# Oliver-Beaut. Golden Ret. Mix at KY Shelter in Danger!!!!



## mylissyk (Feb 25, 2007)

I saw him yesterday and emailed the KY rescue about him.


----------



## Farley Rocks! (Nov 15, 2007)

I have a house but would need help to transport


----------



## BeauShel (May 20, 2007)

That is a beautiful boy. I hope someone can save him.


----------



## Karen519 (Aug 21, 2006)

*Farley*

Farley:

Please call and e- mail the shelter and I think Freida will be able to help you with transport. Also, there are people on Petfinder that could probably help and also on this forum. Hope you adopt Oliver! He is in danger-all the big dogs are!!!!


----------



## Farley Rocks! (Nov 15, 2007)

Done...I'll let you know what they say!


----------



## Karen519 (Aug 21, 2006)

*Yes..*

Yes.. Please let me know. You can e-mail me-I am checking that all day!!
[email protected]


----------



## Farley Rocks! (Nov 15, 2007)

Okay. Oliver was already picked up by Grand Rescue(?). I'll contact them in case they need a foster but at least he is safe for now  Yeah!!


----------



## Karen519 (Aug 21, 2006)

*Farleyrock's*

Farleyrocks:

That is great news!! Can't remember where GRRAND is!!

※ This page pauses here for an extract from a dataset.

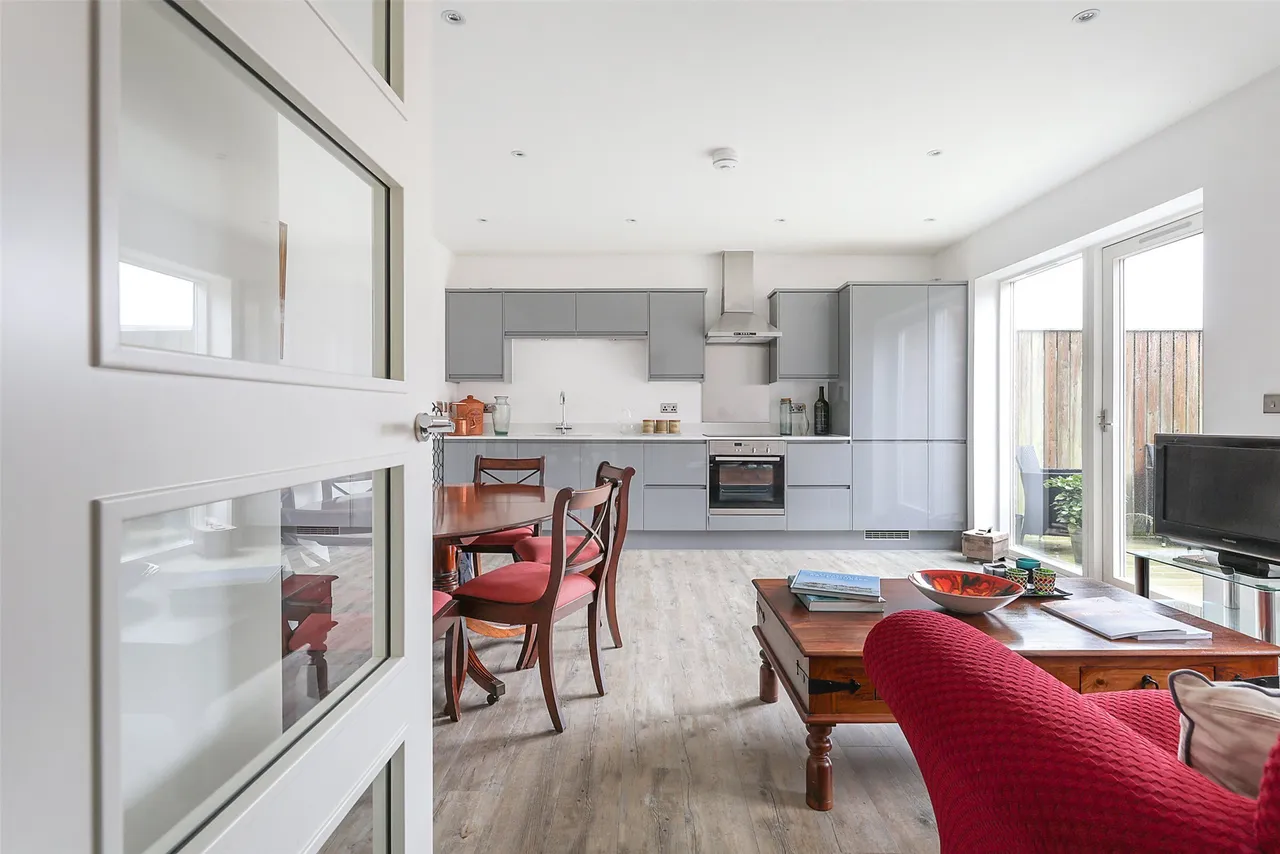 The Street, Ashtead, KT21, photo 4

Hope you can foster for them!


----------



## Jackson'sMom (Oct 13, 2007)

Wonderful news!


----------



## sharlin (Feb 26, 2007)

Way to GO Farley!!! NorCal Pack sends ya big roooooooooos!!!!!


----------



## Hali's Mom (Oct 5, 2006)

Wonderful news...............Can only say RooooooooWhoooo.


----------



## BeauShel (May 20, 2007)

Great news!!


----------



## Farley Rocks! (Nov 15, 2007)

No word from the rescue so they must have room  I am sending the shelter my vet info and references so if there is another- I will be all set up!


----------



## Karen519 (Aug 21, 2006)

*Farley*

Farley:

That is great you are going to foster for someone.

Are you a foster for GRROM?


----------